***** SUPPLIED MATERIAL *****

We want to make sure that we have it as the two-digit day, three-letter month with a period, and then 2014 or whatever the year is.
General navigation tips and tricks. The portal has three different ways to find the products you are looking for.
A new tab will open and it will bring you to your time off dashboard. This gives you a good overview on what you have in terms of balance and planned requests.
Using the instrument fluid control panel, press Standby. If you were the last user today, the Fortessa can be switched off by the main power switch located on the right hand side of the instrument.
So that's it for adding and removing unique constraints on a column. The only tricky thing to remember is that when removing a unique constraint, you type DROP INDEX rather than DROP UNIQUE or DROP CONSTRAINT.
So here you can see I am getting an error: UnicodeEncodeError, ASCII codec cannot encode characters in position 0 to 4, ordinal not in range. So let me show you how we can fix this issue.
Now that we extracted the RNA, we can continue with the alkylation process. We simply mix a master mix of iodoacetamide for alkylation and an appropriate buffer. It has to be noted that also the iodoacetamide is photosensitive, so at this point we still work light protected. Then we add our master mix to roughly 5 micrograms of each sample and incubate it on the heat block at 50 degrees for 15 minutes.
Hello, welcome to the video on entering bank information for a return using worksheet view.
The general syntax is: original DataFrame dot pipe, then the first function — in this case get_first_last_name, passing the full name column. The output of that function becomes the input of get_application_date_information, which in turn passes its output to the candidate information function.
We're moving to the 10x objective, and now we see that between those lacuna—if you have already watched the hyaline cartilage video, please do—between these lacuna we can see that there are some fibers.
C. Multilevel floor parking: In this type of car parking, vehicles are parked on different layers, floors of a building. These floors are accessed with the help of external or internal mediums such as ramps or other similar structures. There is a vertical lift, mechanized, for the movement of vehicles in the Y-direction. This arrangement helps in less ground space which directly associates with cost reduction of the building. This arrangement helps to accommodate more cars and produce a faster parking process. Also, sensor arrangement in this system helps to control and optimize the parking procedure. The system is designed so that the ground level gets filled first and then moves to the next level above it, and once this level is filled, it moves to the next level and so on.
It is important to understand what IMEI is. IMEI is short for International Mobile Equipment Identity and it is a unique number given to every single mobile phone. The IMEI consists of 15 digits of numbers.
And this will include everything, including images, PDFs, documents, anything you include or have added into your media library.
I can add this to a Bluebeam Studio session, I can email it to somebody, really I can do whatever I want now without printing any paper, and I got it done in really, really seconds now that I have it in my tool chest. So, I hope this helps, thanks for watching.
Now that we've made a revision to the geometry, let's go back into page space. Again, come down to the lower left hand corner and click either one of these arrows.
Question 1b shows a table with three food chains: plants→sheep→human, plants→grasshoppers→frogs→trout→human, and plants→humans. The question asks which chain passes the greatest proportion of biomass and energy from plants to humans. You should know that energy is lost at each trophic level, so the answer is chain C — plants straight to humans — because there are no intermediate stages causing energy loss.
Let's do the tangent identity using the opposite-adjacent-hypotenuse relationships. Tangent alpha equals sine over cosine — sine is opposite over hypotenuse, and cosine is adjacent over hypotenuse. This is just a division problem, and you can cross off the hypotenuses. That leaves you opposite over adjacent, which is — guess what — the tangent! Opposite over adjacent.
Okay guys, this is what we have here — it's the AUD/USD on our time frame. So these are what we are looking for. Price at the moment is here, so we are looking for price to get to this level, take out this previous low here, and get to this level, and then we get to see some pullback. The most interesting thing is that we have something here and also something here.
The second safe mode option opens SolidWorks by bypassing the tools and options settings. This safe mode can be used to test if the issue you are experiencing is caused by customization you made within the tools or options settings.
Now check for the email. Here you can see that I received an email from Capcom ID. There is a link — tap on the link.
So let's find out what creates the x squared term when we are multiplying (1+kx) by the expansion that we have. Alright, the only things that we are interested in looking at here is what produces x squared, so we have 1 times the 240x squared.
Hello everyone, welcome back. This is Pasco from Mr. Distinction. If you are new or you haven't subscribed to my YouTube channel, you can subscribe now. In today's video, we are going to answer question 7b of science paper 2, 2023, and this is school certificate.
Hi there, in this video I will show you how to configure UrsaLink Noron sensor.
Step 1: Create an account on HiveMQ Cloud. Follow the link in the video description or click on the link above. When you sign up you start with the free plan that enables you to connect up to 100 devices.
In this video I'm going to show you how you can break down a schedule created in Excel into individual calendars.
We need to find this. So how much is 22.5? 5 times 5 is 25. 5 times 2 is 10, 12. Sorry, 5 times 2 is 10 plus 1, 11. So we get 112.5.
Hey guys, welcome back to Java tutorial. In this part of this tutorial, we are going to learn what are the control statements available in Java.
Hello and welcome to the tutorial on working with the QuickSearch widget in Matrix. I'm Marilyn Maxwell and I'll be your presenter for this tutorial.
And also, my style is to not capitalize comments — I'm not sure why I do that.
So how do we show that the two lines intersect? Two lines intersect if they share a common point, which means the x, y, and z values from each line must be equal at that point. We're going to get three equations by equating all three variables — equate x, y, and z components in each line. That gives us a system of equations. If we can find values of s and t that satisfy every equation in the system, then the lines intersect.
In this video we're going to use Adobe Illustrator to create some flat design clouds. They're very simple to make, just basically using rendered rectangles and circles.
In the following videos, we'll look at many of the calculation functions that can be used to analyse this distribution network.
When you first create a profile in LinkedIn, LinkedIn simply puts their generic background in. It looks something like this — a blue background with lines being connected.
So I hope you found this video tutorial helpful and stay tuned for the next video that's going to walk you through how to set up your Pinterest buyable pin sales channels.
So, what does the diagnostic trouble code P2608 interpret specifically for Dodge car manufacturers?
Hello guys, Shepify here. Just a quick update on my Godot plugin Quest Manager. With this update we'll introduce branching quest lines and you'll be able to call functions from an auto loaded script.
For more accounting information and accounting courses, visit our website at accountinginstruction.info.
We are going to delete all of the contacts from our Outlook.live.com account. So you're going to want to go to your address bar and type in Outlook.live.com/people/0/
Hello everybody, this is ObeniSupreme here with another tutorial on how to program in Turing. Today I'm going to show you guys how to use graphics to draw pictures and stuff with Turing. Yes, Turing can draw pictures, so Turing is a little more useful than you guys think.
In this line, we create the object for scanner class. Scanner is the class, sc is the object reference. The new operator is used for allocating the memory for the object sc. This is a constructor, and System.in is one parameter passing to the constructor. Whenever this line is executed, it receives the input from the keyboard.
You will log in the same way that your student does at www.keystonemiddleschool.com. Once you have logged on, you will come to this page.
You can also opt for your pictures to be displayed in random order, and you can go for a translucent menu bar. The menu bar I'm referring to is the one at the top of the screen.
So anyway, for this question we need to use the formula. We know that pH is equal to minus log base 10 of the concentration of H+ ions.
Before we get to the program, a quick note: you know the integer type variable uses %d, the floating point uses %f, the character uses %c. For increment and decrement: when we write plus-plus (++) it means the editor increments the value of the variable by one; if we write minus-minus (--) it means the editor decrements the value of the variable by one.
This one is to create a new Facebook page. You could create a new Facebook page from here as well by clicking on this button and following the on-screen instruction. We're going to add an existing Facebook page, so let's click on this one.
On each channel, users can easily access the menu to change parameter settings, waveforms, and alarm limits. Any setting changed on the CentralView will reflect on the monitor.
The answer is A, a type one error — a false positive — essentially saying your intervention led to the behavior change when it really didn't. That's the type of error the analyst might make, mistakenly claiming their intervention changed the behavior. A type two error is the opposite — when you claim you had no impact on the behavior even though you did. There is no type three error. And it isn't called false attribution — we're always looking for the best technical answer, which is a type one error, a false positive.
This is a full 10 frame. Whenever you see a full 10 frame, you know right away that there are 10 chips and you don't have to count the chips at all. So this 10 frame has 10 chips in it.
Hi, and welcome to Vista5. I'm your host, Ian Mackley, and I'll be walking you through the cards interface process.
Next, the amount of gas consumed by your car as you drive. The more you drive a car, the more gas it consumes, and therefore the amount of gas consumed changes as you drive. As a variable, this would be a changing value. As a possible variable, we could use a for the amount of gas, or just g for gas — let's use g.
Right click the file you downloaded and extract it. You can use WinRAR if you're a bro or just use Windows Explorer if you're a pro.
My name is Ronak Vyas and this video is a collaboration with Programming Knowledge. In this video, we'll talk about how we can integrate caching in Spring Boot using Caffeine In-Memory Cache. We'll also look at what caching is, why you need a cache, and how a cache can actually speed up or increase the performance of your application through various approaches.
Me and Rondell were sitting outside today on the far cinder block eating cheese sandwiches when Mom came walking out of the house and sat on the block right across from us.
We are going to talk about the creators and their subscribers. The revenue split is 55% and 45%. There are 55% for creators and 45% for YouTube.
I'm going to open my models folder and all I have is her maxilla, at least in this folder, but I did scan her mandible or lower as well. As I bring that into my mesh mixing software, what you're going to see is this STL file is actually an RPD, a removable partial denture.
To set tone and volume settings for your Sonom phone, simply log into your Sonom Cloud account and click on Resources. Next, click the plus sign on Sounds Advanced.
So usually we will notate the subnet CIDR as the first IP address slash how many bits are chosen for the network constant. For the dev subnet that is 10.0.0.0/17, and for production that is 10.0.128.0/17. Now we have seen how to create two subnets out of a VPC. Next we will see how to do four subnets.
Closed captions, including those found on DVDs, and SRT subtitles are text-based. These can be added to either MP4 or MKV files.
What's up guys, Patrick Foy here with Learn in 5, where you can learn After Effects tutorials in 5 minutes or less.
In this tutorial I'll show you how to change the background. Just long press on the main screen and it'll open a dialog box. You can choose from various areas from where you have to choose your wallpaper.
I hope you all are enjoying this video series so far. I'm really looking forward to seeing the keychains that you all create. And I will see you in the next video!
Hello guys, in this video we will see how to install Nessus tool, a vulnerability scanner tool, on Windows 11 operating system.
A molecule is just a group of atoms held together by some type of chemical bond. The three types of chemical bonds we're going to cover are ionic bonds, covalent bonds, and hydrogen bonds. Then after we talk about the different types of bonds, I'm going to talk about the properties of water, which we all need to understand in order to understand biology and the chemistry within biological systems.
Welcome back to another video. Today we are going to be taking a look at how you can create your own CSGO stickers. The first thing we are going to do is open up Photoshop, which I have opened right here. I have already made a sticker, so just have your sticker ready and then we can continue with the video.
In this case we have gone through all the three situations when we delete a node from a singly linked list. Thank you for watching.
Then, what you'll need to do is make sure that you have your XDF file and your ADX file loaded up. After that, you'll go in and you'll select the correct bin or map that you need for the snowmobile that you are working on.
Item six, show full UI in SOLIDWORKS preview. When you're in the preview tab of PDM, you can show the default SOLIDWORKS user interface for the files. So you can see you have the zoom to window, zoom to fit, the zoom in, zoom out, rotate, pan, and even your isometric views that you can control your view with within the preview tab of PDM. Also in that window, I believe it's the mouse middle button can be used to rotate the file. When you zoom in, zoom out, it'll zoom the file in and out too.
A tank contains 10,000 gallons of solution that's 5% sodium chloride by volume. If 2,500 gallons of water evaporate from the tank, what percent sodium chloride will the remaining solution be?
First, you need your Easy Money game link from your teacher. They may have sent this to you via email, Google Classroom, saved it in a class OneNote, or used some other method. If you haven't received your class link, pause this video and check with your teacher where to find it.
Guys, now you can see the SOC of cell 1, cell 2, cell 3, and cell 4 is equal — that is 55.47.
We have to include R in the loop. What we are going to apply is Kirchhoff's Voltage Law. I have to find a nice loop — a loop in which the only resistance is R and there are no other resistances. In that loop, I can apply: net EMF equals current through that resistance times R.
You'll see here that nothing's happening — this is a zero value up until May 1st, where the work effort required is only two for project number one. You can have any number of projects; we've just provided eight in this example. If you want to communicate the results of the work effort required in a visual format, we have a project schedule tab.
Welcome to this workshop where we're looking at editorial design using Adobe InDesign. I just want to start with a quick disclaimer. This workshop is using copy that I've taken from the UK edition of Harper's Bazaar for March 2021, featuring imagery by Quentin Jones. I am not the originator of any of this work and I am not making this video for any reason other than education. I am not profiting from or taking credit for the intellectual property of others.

*****

Copy out the lines above exactly, beginning at the one that contains "Closed captions, including" and ending at the one that contains "In this tutorial".

Closed captions, including those found on DVDs, and SRT subtitles are text-based. These can be added to either MP4 or MKV files.
What's up guys, Patrick Foy here with Learn in 5, where you can learn After Effects tutorials in 5 minutes or less.
In this tutorial I'll show you how to change the background. Just long press on the main screen and it'll open a dialog box. You can choose from various areas from where you have to choose your wallpaper.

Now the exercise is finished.